**MATERIAL FOR THIS TASK:**

====

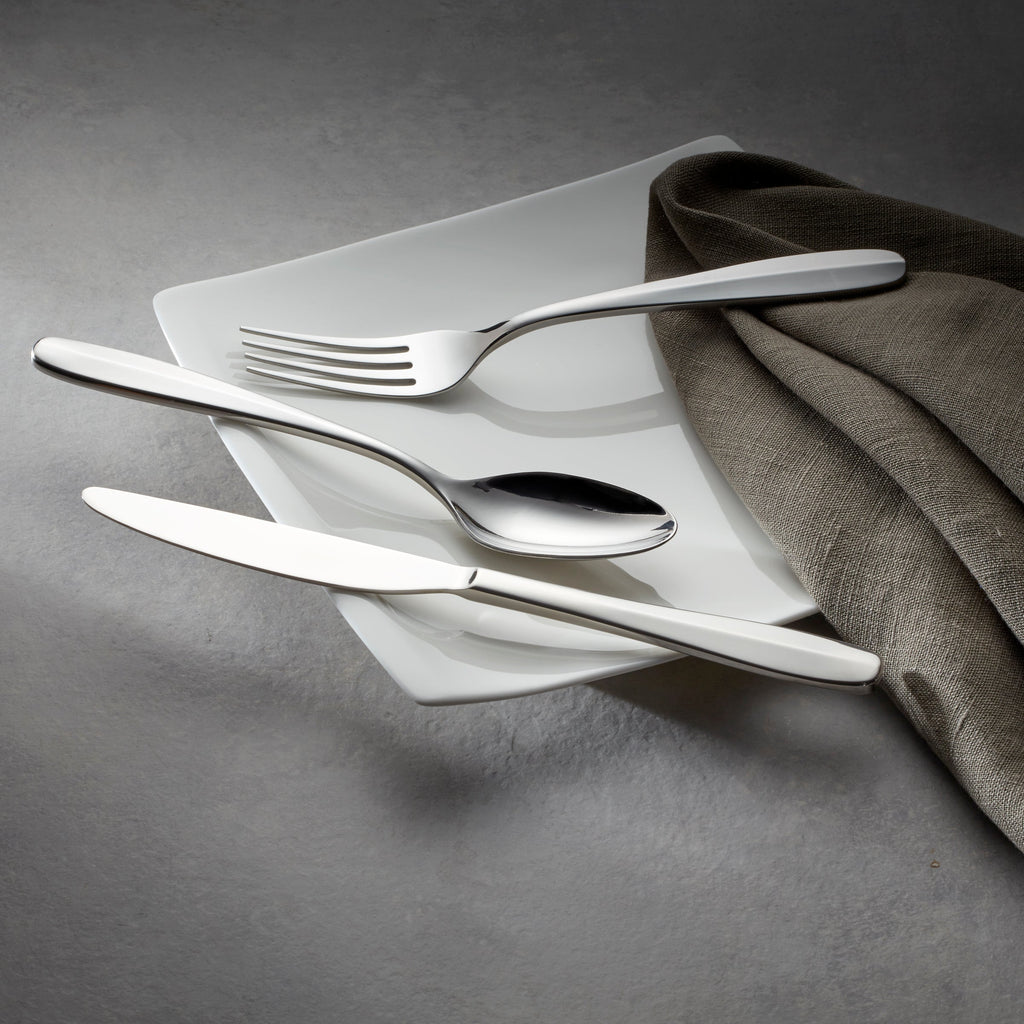 Oneida Oakwood 20-Piece Flatware Set, 18/0 stainless steel (view 4)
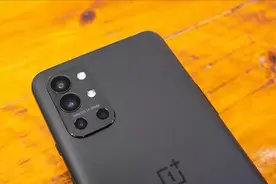 现在骁龙888、870 、865、865+，哪个比较实用稳定？图片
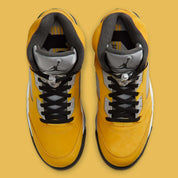Sneakers Air Jordan 5 Tokyo T23 2025 jaunes en nubuck premium avec détails exclusifs, languette réfléchissante et amorti Air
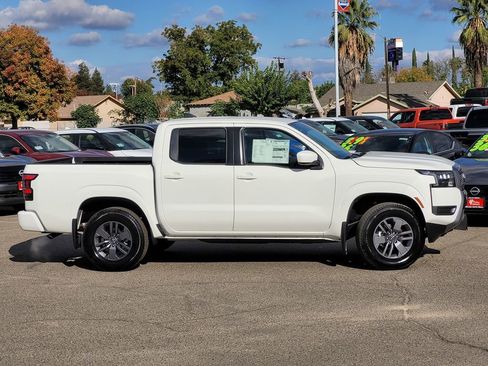 New 2026 Nissan Frontier SV w/ Tow Package image 3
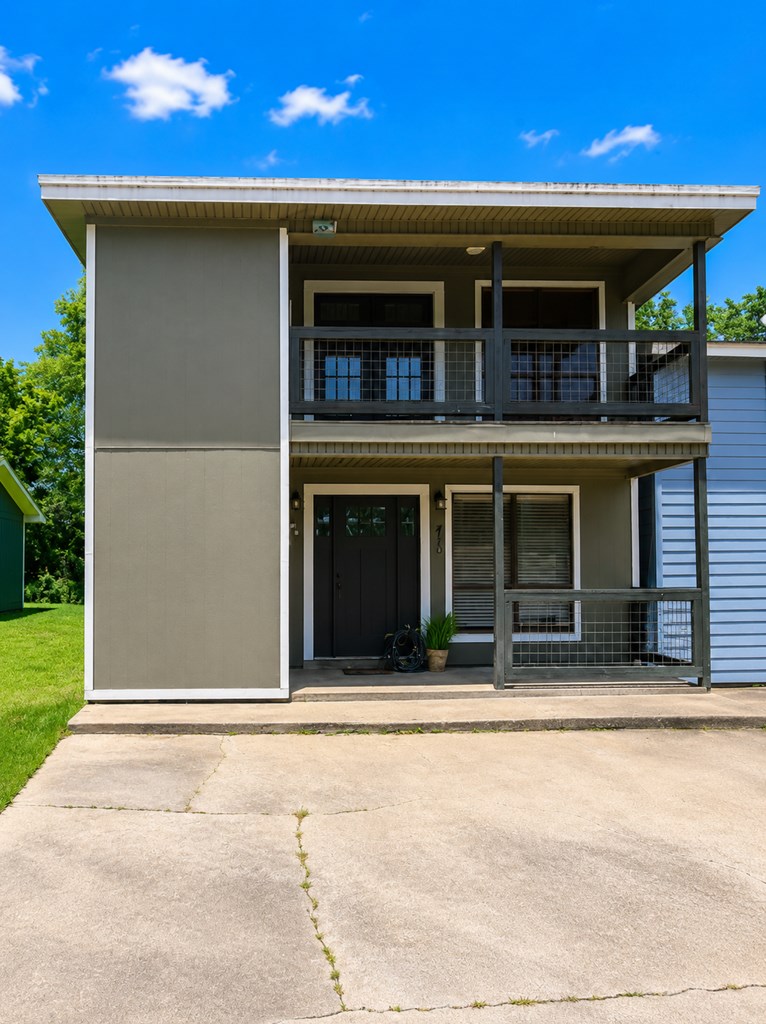 41 Harbour Row Drive Property Photo 2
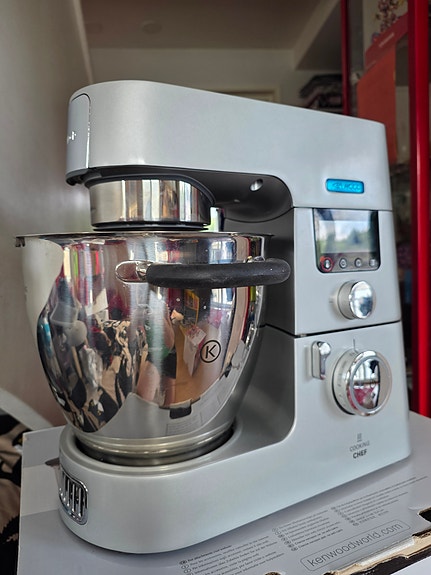 Kenwood monitoimikone yleiskone teräskulholla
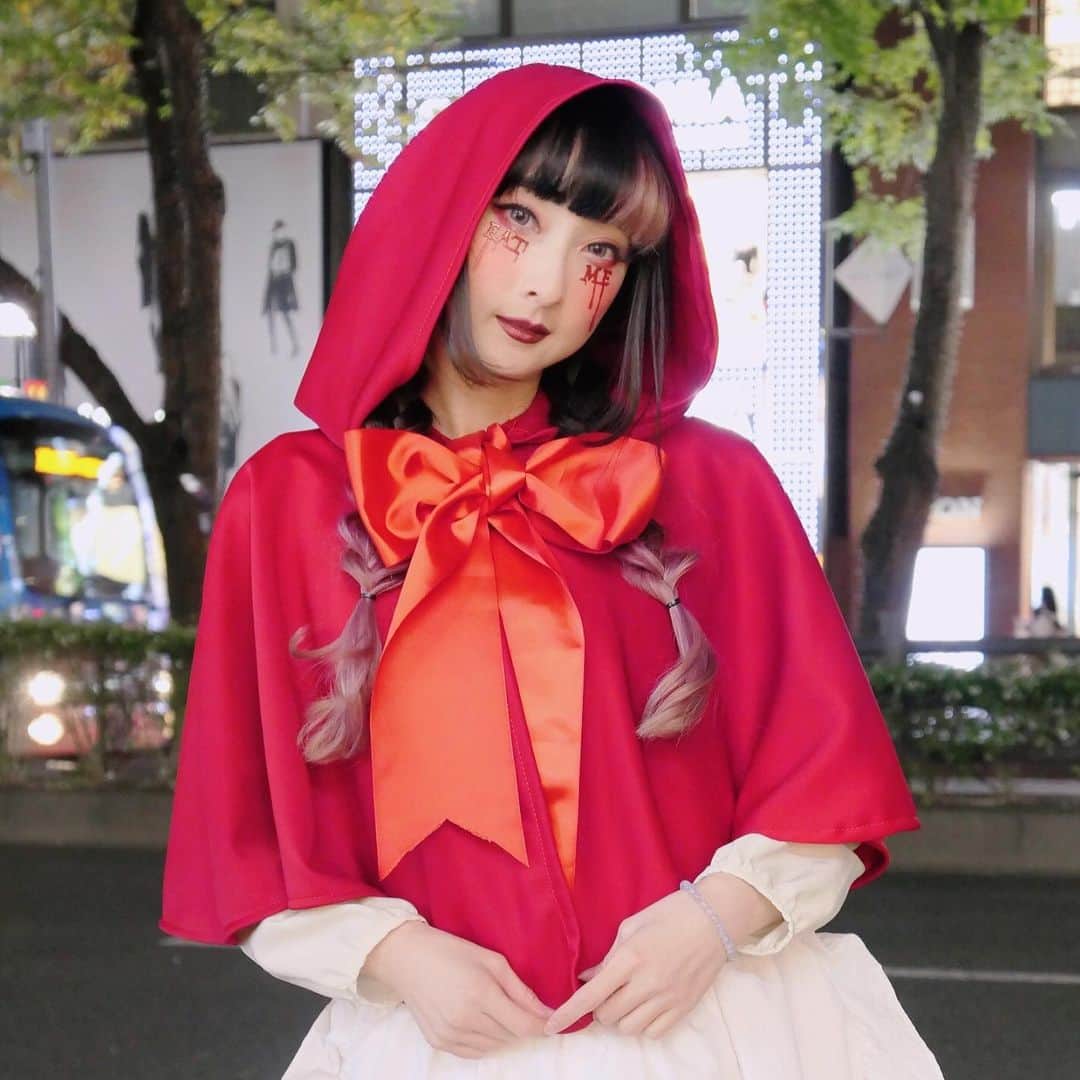 RinRinさんのインスタグラム写真 - (RinRinInstagram)「My little red riding hood outfit handmade by @kalicosplay (thank you 😭😭😭) while unleashing candy corn onto harajuku 😬😬😬 check out everyone’s first time reactions on my newest video (link in description) あかずきんの仮装で原宿の子にアメリカの定番のハロウィンキャンディのキャンディコーンを食べさせました〜😬😬😬みんなの反応を見てね！YouTubeでアップしてます！ (📸 by @autumotiv ) . . 👉🏻 #rinrinhalloween . . #rinrindoll #harajuku #japan #tokyo #japanhalloween #littleredridinghood #halloween #halloweencostume #halloween2019 #東京 #原宿 #ハロウィン #あかずきん #原宿ハロウィン」11月2日 18時51分 - rinrindoll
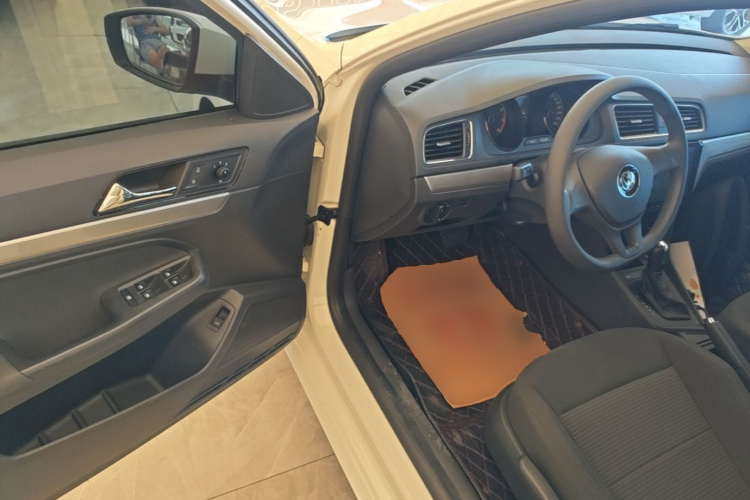 Volkswagen Lavida 2017 immagine di auto #16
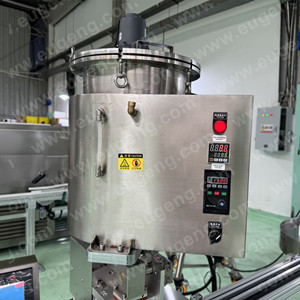 hot pour machine 4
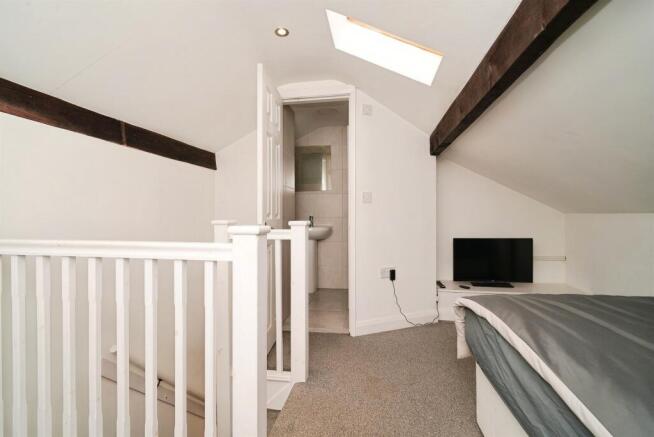3 bed Terraced for sale Image 11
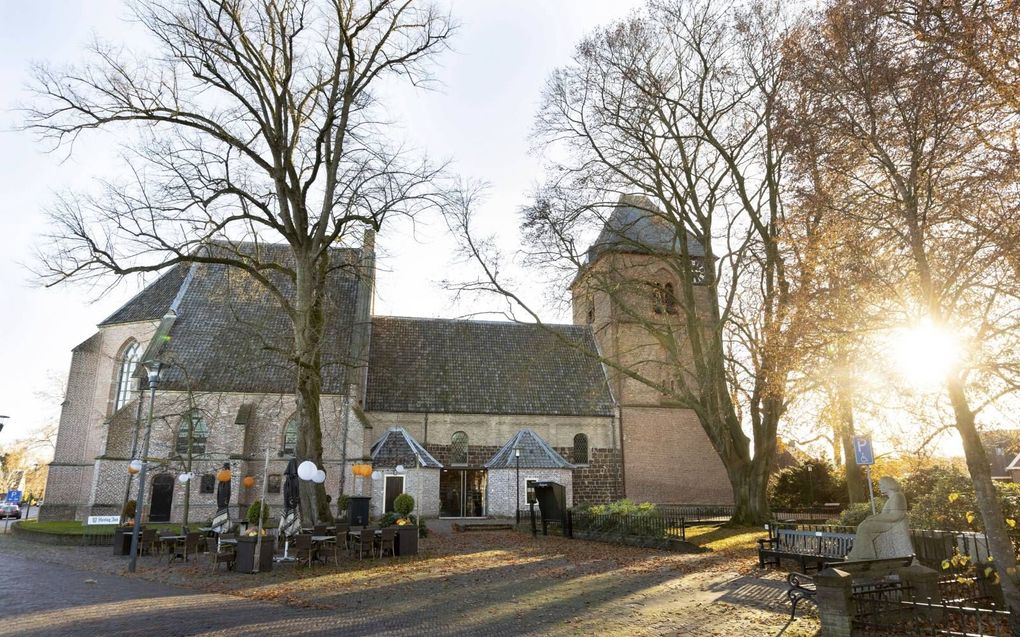 Dorpskerk ’n Oalen Griezen in Hellendoorn. beeld ​RD, Anton Dommerholt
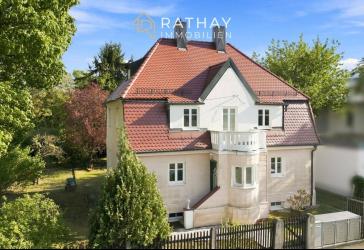 Freistehendes Einfamilienhaus im Villenstil mit großem Grundstück in München-Allach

====

**ASSIGNED TASK:** Could you restate each record word for word, keeping the pictures out?

**EXPECTED ANSWER:**
 Oneida Oakwood 20-Piece Flatware Set, 18/0 stainless steel (view 4)
 现在骁龙888、870 、865、865+，哪个比较实用稳定？图片
Sneakers Air Jordan 5 Tokyo T23 2025 jaunes en nubuck premium avec détails exclusifs, languette réfléchissante et amorti Air
 New 2026 Nissan Frontier SV w/ Tow Package image 3
 41 Harbour Row Drive Property Photo 2
 Kenwood monitoimikone yleiskone teräskulholla
 RinRinさんのインスタグラム写真 - (RinRinInstagram)「My little red riding hood outfit handmade by @kalicosplay (thank you 😭😭😭) while unleashing candy corn onto harajuku 😬😬😬 check out everyone’s first time reactions on my newest video (link in description) あかずきんの仮装で原宿の子にアメリカの定番のハロウィンキャンディのキャンディコーンを食べさせました〜😬😬😬みんなの反応を見てね！YouTubeでアップしてます！ (📸 by @autumotiv ) . . 👉🏻 #rinrinhalloween . . #rinrindoll #harajuku #japan #tokyo #japanhalloween #littleredridinghood #halloween #halloweencostume #halloween2019 #東京 #原宿 #ハロウィン #あかずきん #原宿ハロウィン」11月2日 18時51分 - rinrindoll
 Volkswagen Lavida 2017 immagine di auto #16
 hot pour machine 4
3 bed Terraced for sale Image 11
 Dorpskerk ’n Oalen Griezen in Hellendoorn. beeld ​RD, Anton Dommerholt
 Freistehendes Einfamilienhaus im Villenstil mit großem Grundstück in München-Allach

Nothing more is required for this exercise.